Comparison between the ethanol degree of simulation obtained by KDD model and the observed data. The data corresponds to the month of August 2008. The x-axis corresponds to the sampled interpolated points and the y-axis corresponds to the behavior of the variable

Fig. 9
figure 9

Observed raw data for must temperature corresponds to the August of 2008

Table 5 shows the average percentage error between the estimated degree of concentration predicted by the model and KDD-grade ethanol observed under specific fermentation conditions.

Simulation tests analyzed the ability of the model to simulate possible KDD behavior of ethanol concentration in a given month, based on prior knowledge (the first 4 h of fermentation) of the process. The result of this test can be observed in Fig. 8, where the dashed line indicates the change in the value simulated by the KDD model and the continuous line the sampled values of the fermentation process (Fig. 9).

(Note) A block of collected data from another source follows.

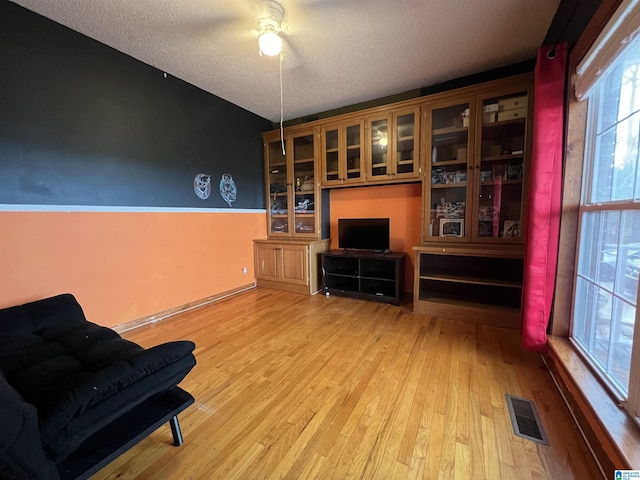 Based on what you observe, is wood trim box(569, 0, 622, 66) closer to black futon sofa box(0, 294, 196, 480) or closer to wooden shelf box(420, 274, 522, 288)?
wooden shelf box(420, 274, 522, 288)

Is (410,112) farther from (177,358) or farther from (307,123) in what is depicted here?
(177,358)

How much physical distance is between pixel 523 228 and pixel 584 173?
940 mm

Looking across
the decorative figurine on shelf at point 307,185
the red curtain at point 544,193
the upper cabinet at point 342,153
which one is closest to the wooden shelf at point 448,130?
the upper cabinet at point 342,153

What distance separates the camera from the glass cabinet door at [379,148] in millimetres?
3225

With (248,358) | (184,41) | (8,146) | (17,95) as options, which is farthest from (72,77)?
(248,358)

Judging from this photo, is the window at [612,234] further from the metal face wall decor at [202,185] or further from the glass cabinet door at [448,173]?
the metal face wall decor at [202,185]

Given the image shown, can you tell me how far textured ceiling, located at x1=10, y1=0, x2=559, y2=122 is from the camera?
1926 mm

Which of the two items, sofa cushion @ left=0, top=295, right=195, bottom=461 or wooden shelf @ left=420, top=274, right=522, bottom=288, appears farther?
wooden shelf @ left=420, top=274, right=522, bottom=288

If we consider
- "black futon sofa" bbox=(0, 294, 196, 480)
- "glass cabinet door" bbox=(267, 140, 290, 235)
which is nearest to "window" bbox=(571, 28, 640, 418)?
"black futon sofa" bbox=(0, 294, 196, 480)

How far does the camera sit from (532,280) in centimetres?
188

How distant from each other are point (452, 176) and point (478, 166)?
0.89 feet

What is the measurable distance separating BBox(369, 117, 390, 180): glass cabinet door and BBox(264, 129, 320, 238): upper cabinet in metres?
0.82

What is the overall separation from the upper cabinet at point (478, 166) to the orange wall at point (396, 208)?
417 millimetres

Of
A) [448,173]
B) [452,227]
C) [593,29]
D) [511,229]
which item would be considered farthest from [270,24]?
[511,229] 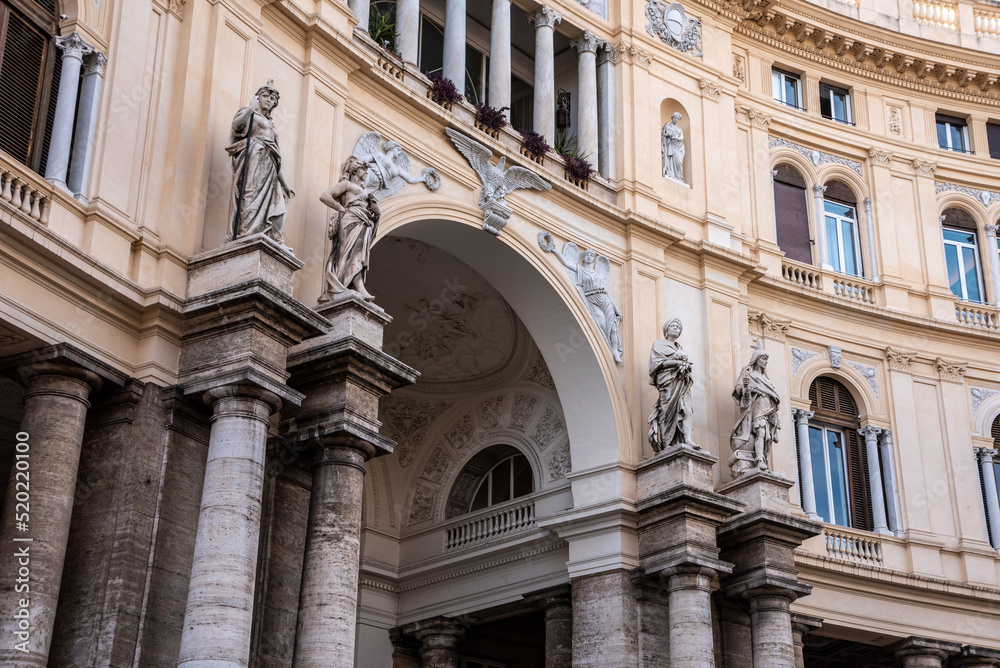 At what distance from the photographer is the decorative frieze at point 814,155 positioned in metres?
27.5

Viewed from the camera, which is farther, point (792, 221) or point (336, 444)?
point (792, 221)

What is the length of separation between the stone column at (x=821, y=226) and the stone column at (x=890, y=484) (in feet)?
12.2

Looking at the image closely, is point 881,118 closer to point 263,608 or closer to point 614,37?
point 614,37

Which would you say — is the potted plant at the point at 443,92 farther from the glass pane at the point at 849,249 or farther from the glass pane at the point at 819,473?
the glass pane at the point at 849,249

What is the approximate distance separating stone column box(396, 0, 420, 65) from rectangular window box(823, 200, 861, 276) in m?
10.8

Table 6 Mean percentage error calculated by the difference between the ethanol concentration and the simulated output generated by the KDD model
Fig. 10
figure 10

Observed filtered data for must temperature corresponds to the August of 2008

Fig. 11
figure 11

Observed filtered and interpolated data for must temperature corresponding to the August of 2008

The analysis of the performance values, shown in Table 6, shows that the results are interesting and differ from expected behavior for the KDD model in simulation situations. The expectation was to obtain results that degrade with time; however, the error remains in a substantially acceptable range. Considerations regarding the error significance should take into consideration two respects: Firstly, the adopted sensors provide values accurately, which means that the model has a large standard deviation for this type of process, a sufficient limit can be achieved accurately. Another aspect is that a miscalculation in the concentration of ethanol may represent an error in a certain amount of liters of alcohol per batch. Thus, this quantity of liters can represent a loss in the production of ethanol during the harvest (Figs. 10, 11).

4 Conclusion

In this paper, the authors present a structured roadmap to transform data into knowledge from the monitoring of the alcoholic fermentation process in sugar and alcohol. The proposed approach uses a methodology based on the extraction of knowledge in databases, KDD. To illustrate the feasibility of the proposal, actual data extracted from a production of a plant process were used. It implemented an intelligent system based on NARX neural network, which was able to perform both simulations, as estimates of ethanol production from input signals and preprocessed output. The experiments tried to reproduce logistical limitations by capturing similar data to that under actual operating conditions. In this context, it seems relevant and not trivial the fact that the errors observed in the system outputs during the simulations with the system over the following months did not degrade, and increase value. These results deserve more attention and deeper study with new data collections and the use of larger data volumes. It is important to emphasize that the application of the method in other production units would require adjustment parameters and a new network of learning steps. In this context, even the network architecture should be tested. In this study, the network with a two hidden layer architecture with 5 neurons in the hidden layer proved to be more effective. The authors hope that further work will test whether this architecture itself is the most appropriate for the problem in question or whether the architecture will also be only a local production feature function. The characterization and mapping of the fermentation process will be applied, to provide a better understanding of the fermentation process operation, where it will be possible to analyze the influence and behavior of each variable process. This mapping will be applied in over the whole sugar and alcohol process, such as the energy generation, destilation sector and others.